Schwarz A (2019)
Publication Language: English
Publication Type: Thesis
Publication year: 2019
One of the challenges for far-field speech communication and recognition applications is that the acquired speech signal is impacted by reverberation and noise. It is therefore often required to apply signal processing techniques for dereverberation and noise reduction. Particularly effective are techniques which exploit spatial information about the sound field from multichannel microphone signals. One approach for modeling the spatial characteristics of reverberation and noise are spatial coherence functions. These are dependent only on acoustic properties which are relatively similar between different rooms, and require a minimum of assumptions about the acoustic scenario, which provides the motivation for focusing this thesis on signal enhancement approaches exploiting spatial coherence models. As a foundation, the applicability of different spatial coherence models to reverberation, and their dependency on acoustic properties of the room, are investigated. Existing methods for signal enhancement are reviewed, with a focus on spectral enhancement methods which use a short-time coherence estimate to estimate the power ratio between desired coherent and undesired diffuse sound field components. Known spectral enhancement methods are expressed in this framework, and novel estimators are proposed which have both theoretical and practical advantages over existing methods. Based on these estimators, an effective dereverberation system is proposed which can operate without knowledge of the position of the desired source, solely by exploiting the characteristic spatial coherence of reverberation. Furthermore, a more experimental dereverberation system is proposed which additionally accounts for the effect of early signal reflections in the room, showing that this approach can provide promising directions for future research.

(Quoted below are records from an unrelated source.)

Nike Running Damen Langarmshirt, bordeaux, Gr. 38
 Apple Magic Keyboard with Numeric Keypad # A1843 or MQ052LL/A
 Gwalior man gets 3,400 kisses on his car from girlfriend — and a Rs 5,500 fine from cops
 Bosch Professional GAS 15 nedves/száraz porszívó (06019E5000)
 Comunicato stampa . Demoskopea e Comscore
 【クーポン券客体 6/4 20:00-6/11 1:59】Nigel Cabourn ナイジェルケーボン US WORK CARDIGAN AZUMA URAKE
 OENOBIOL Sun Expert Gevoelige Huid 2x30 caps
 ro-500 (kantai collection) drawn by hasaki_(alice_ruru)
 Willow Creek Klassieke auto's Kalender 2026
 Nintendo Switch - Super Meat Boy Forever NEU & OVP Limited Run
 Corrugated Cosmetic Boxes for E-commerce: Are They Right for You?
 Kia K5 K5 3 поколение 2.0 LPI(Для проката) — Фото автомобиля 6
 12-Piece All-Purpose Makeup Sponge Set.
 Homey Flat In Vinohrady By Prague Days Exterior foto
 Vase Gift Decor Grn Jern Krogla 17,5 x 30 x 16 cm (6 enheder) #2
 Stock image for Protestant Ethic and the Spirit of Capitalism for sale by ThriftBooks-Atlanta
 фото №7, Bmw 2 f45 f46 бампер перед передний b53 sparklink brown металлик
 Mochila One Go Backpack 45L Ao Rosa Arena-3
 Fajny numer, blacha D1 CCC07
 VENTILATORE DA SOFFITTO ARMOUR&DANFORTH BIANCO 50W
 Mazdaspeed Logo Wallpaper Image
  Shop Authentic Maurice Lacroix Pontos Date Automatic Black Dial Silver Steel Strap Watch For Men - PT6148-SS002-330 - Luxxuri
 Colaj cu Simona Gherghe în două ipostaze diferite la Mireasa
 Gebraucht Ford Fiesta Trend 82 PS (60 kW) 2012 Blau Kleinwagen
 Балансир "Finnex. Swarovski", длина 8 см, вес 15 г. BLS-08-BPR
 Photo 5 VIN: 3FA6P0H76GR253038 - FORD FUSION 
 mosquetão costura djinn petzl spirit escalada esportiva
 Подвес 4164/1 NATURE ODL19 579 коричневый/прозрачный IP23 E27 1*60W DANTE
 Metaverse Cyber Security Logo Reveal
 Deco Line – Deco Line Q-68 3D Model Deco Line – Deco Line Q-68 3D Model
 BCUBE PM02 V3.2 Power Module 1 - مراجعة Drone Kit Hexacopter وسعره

Finally, the problem of how to effectively use spatial information in an automatic speech recognizer based on a deep neural network acoustic model is investigated. A novel way of exploiting spatial information for reverberation-robust automatic speech recognition is proposed, where a spatial feature vector is extracted from short-time coherence estimates and then supplied as input to the neural network. It is shown that this approach can exceed the improvements that are obtained by the application of signal enhancement methods for dereverberation.
Schwarz, A. (2019). Dereverberation and Robust Speech Recognition Using Spatial Coherence Models (Dissertation).
Schwarz, Andreas. Dereverberation and Robust Speech Recognition Using Spatial Coherence Models. Dissertation, 2019.